I never said that it was. I simply brought it forward to show the extraordinary change which has taken place in the Labour party. They then sought to alter the decision of the House of Lords, and in this case they do not want to alter the decision of the House of Lords.

Mr. PRINGLE

In this matter, I am within the recollection of the House. I would remind hon. Members that just before the right hon. Gentleman cited this particular Act he was saying that in the past the Radical party and the Labour party had both been guilty of putting forward retrospective legislation. I interrupted the right hon. Gentleman and asked him to give us some examples, and the example which he gave of this vice of retrospective legislation was the Trade Disputes Act. In this case we must assume that the example which the right hon. Gentleman put forward, and the vice to which he says Radicals and Labour Members have been addicted in the past, is totally irrelevant.

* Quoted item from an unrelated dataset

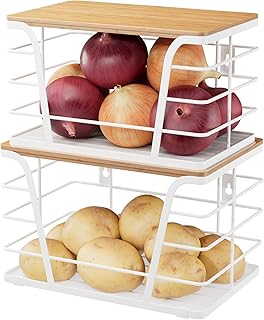Two-Piece Kitchen Storage Baskets with Bamboo Tops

I object to retrospective legislation, but I do not regard the Trade Disputes Act as in any respect retrospective legislation, because it accepted the decision of the House of Lords as the finding of the Law as it then was. But surely Parliament is entitled to alter the law and make new laws in fact, that is what Parliament is for. If it were not necessary to have new legislation then the work of Parliament would be unnecessary. We have had retrospective legislation before from a Unionist Government. There was the case of the Church in Scotland. The case of the property of the Church of Scotland came before the House of Lords, and a decision was given in favour of the smaller body—the Free Church, which was known as the "Wee Frees," a name which has descended upon another organisation which is equally responsible, and it is a case of equal devotion to principle and an equal willingness to make sacrifices for it. I am dealing with the question of retrospective legislation. What happened was this. Parliament intervened and took away property from the Free Church which the House of Lords decision had adjudicated to that church. The right hon Gentleman was a Member of Parliament then, and he took no exception to that.

Sir F. BANBURY

I knew nothing about it, because I do not bother about Free Church matters, but the right hon. Gentleman the Member for the Scottish Universities (Sir H. Craik) told me that the hon. Member for Penistone (Mr. Pringle) was quite wrong in his statement.

Mr. PRINGLE

It is unfortunate that the right hon. Gentleman is not here. At any rate, it is not so bad in the present Bill. I come to a more recent date at which the right hon. Gentleman assented to retrospective legislation, and it is the case affecting Lord Birkenhead. First of all, he was Solicitor-General in the Coalition Government. He then accepted the office of Attorney-General on the resignation of Lord Carson. He did not submit himself for re-election, and he sat and voted here for several months, incurring thereby heavy penalty. What happened? A retrospective Act was passed relieving the Attorney-General from penalties of thousands of pounds which he had incurred by a breach of law.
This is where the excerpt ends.